But something must have changed over the years, as the specification level on a lot of these trucks is now even more sophisticated than on a top-of-the-range truck of the 1990s. While the jobs they have to perform are still as simple, the trucks themselves are no longer that basic. In a way, we now see state-of-the-art trucks doing the most mundane of jobs.
A quick glance at the specification sheet of the Isuzu FRR 500 shows us just how far the new truck world has come. We now look at a truck with a GVM of 10.4 tonnes that is fitted with an engine just over five litres I size that can put out 202 hp (151 kW) and 637 Nm (470 ft lb) of torque. This kind of torque and power is much more than would be deemed necessary in most global markets – probably only the US and Australia want that kind of performance.
To achieve such engine performance, you need to use some up-to-date technology, and the electronically controlled variable nozzle turbo definitely is a sophisticated piece of kit. Another high-tech component is the direct injection high pressure common rail fuel system, unheard of just ten years ago. The engine also uses cooled EGR to keep exhaust gas emissions down, alongside a diesel particulate diffuser (filter). This means the truck is not only ADR 80/03 compliant, but the emissions are down to the more stringent European EEV levels.

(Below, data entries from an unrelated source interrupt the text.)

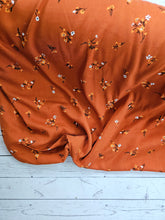 Rust Floral Stems Rayon Challis {by the half yard}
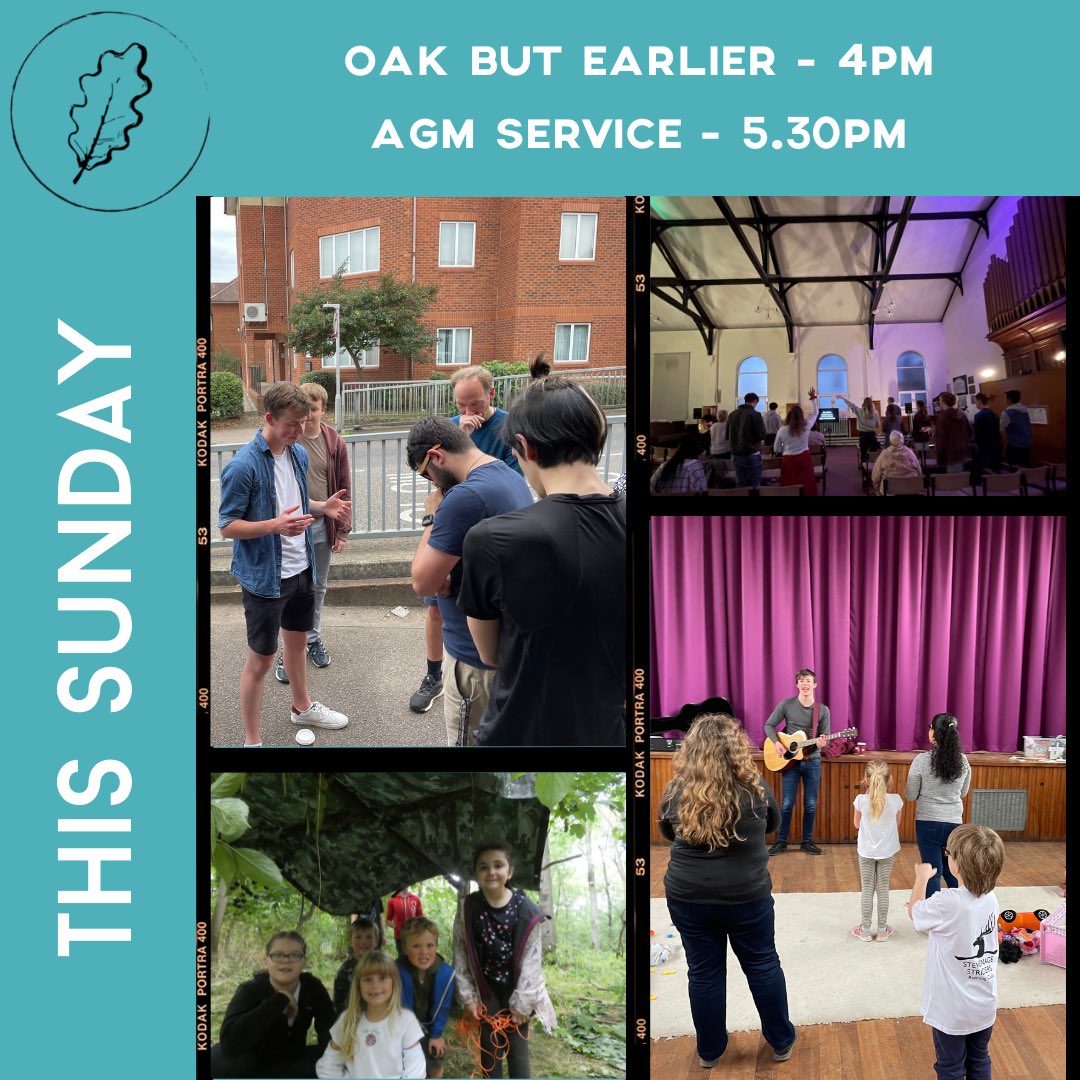 Join us this Sunday!
4pm - Oak but Earlier aimed at children &amp; families with a meal together afterwards!
5:30pm - is our AGM, it’s a great way to see what Oak has been up to for the last year &amp;  to ask our trustee’s some questions! Cafe starts @ 5:15pm.
We can’t wait to see you!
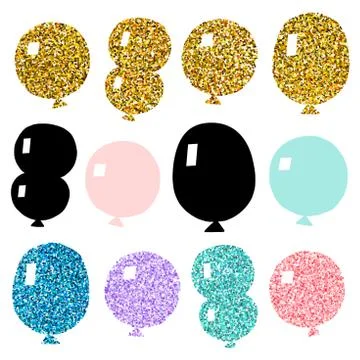 Set of vector balloons Stock Illustration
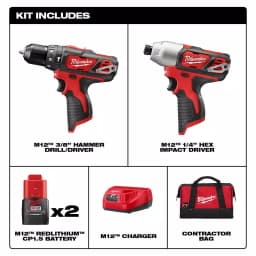 Milwaukee M12 12V Lithium-Ion Cordless Hammer Drill and Impact Driver 2-Tool Combo Kit thumbnail 2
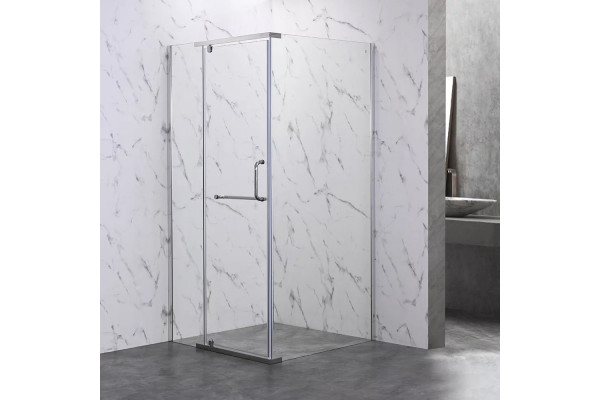 Душевой уголок Veconi Rovigo 120x80х200 профиль хром, стекло прозрачное, прямоугольный, двери распашные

On the Prime Mover test drive around the Brisbane area, the kind of performance level created by this set of specifications becomes obvious: The FRR 500 goes very well and responds to pressure from the right foot by taking off at a high level of acceleration. And even fully loaded, it can maintain that speed up an incline. The new technology also means this truck is quiet, both from inside and outside the cab, and there’s no hint of smoke from the exhaust.
Other aspects of the driving experience are also well catered for in the FRR 500. A good positive steering system and tight turning circle are absolutely essential for this kind of work – and the Isuzu delivers again. This is one area where Japanese trucks have excelled for quite some time, as the Japanese domestic market needs small manoeuvrable trucks.

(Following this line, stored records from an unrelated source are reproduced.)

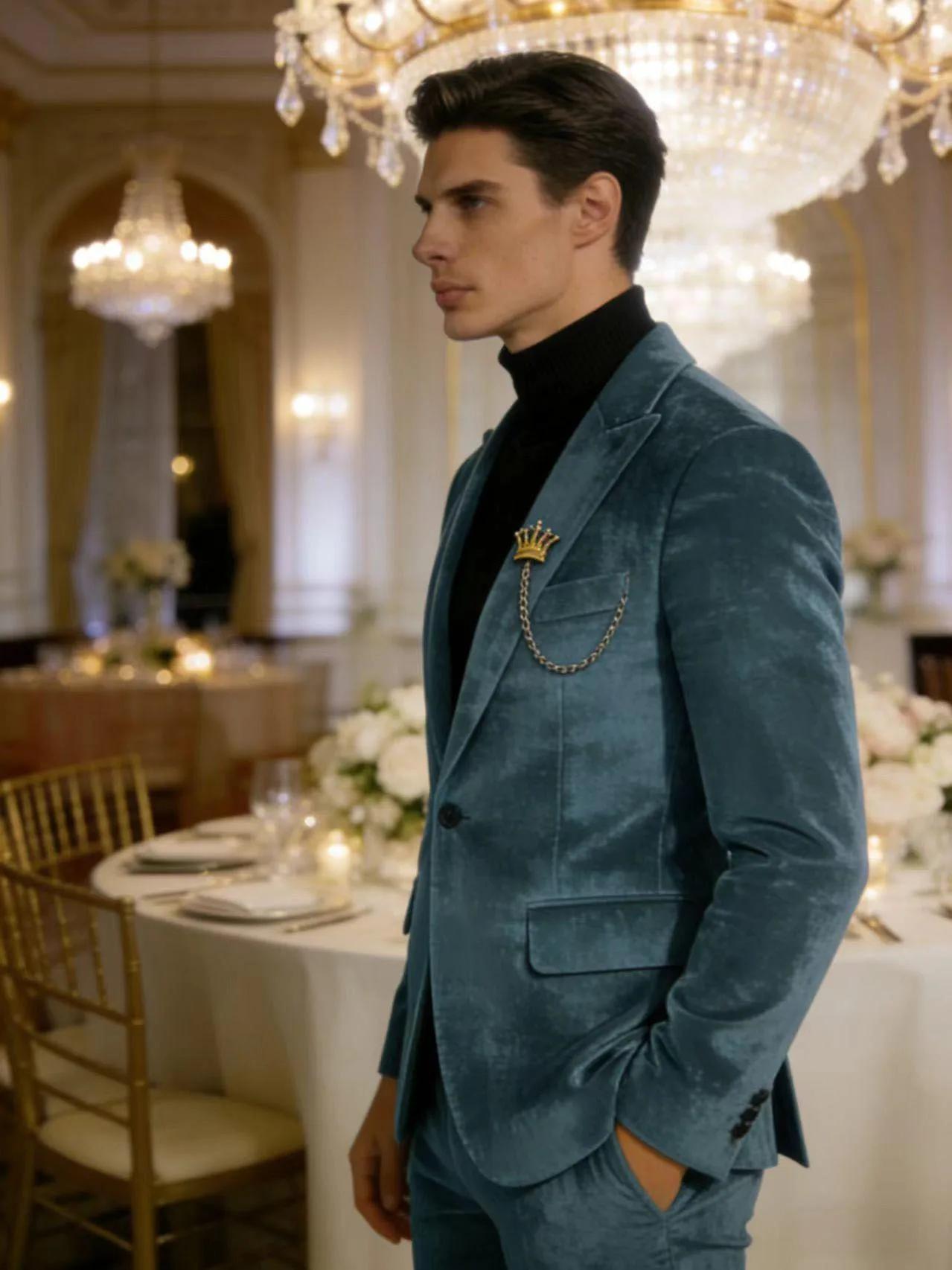 Blazer en velours vert sarcelle pour homme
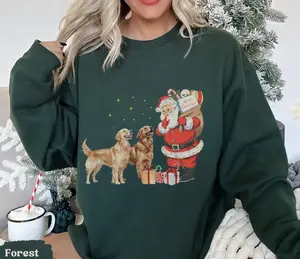 Golden Retriever Sweatshirt – Vintage Santa Christmas Gift for Dog Mom Cotton Crewneck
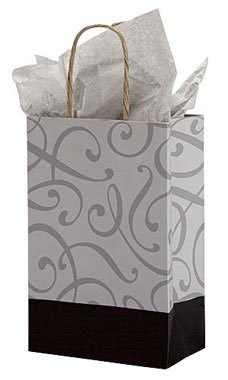 Small Black and Silver Swirl Paper Shopping Bags - Case of 100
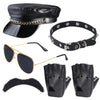 Beefunny Biker Costume Accessories Biker Cap Sunglasses 70s 80s Steam Punk Roker Party Dress Unisex (C)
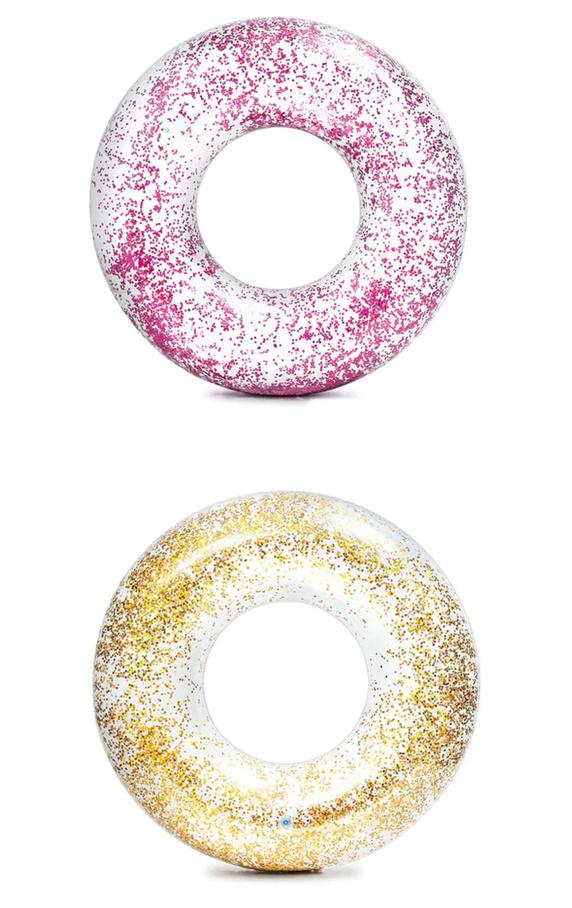 Intex - Schwimmreifen Glitter Transparent, 119 cm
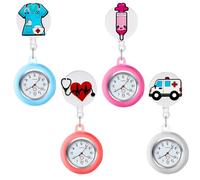 Reloj de enfermera de 4 piezas, bonito reloj de enfermera con clip para mujeres y niñas, reloj de pulsera portátil para enfermeras, enfermeras, paramédicos, enfermeras, Rojo, Rosa, Azul, Blanco
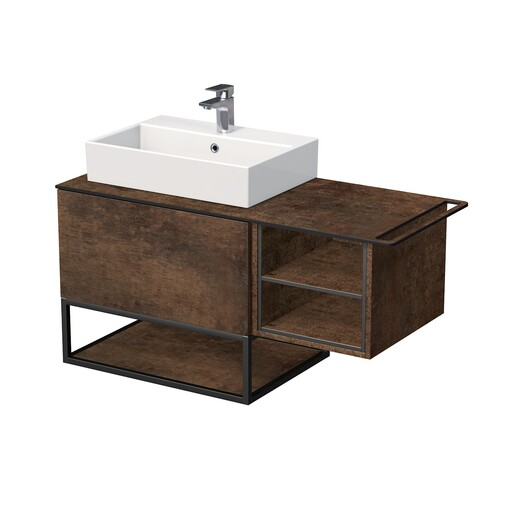 Koupelnová skříňka pod umyvadlo Naturel Oxo 110x58x50 cm měď mat OXO110L701ZKDPM Naturel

Going up through the gears is an effortless process, the engine has enough power and torque to make gear selection straightforward and the gear box itself is a simple-to-use synchro shifter with six speeds and a relatively short throw from one gear to the next. It also has an overdrive top gear, which makes the truck comfortable out on the highway without making the ratio jumps between gears too large. Given the choice for this kind of application, the gearbox is probably preferable to the Isuzu AMT, which can be ponderous and may get confused in difficult situations.
To make things easy for the driver, Isuzu also offers a hill start aid system, which takes the grief out of stopping and starting with a loaded truck on a grade. It’s so simple – stop the truck, take it out of gear, keep your foot on the brake until the hill start indicator light comes on, then release the brakes and they will remain on for as long as required, until the clutch is released and the truck needs to get moving again.

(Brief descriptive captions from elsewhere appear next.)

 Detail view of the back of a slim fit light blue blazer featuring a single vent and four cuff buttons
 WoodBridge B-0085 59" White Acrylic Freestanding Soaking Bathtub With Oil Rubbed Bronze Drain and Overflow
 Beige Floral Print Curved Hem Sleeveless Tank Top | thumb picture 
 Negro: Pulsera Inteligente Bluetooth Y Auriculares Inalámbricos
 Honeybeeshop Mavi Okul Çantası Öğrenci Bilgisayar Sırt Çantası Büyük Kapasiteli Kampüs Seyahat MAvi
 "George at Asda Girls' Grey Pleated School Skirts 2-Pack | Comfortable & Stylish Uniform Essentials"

This system can be turned on and off and it is adjustable by the driver with a small switch. This option of adjustment does mean the hill start aid can be set up wrongly, in such a way as to stall the truck when setting off. It might be better to leave the set up to those servicing the truck and deactivate the driver control. Another improvement could be an audible beep to tell the driver the hill start aid is activated in order to make it clear the system is working.
The hill start function comes along with the electronic package as part of the ABS system, which also gives you ASR traction control. This brake system still activates the traditional drum brakes, as discs don't seem to be preferred in the medium duty world. The suspension – both front and back – is a basic steel multi-leaf system. The ride and braking are excellent in this truck and there does not seem to be a need for more sophistication in this area.
The rest of the driving experience is just as positive. The visibility is very good all round, the windows are deep enough to ensure the driver can see what’s going on in every direction and in close proximity to the truck. The large rear view mirrors on each side include a main and a spotter mirror, both adjustable. The actual electric controls for these mirrors are probably the least contemporary item in the cab, they look like they come from the 1970s and sort of go back to the original perception of that kind of truck.
The rest of the cabin interior is quite modern though. This cab first appeared in 2007 and it still looks as up-to-date as any of its competitors. The Isri 6860 seat is at a comfort level any truck driver would be pleased about. The passenger seat is OK, but would be rarely used, and the middle seat works best when folded down and the back is used as extra storage.
It is probably the entertainment system, which exemplifies just how far we have come in the past ten years. To have a piece of equipment like this in a medium-duty tipper made in Japan would have been unthinkable back then. It was the sort of thing the latest and greatest European line haul prime mover might offer as an expensive optional extra.
Today, however, fitting this state-of-the-art electronics in a relatively low cost truck is standard. Isuzu broke the ice back in 2007 and offered the first generation of this all-singing and all-dancing entertainment system, but the others have all eventually followed. Slowly but surely, one by one, the other three Japanese truck manufacturers have all made a double DIN sized entertainment/information unit standard on the trucks they offer to market.
These systems are not just fancy radio/CD players, but offer some serious add-on value. Apart from buzzwords like touch screen capability, the system can be useful and it will hook up to and scroll through four cameras fitted to the truck. The price of the little camera units has plummeted in recent years and it is possible to fit them relatively cheaply, especially as part of the deal when the truck is first being bought. This FRR 500 tipper could probably do with a rearward-facing camera too, mostly to ensure there is nothing or nobody in the way when the tipping control is activated.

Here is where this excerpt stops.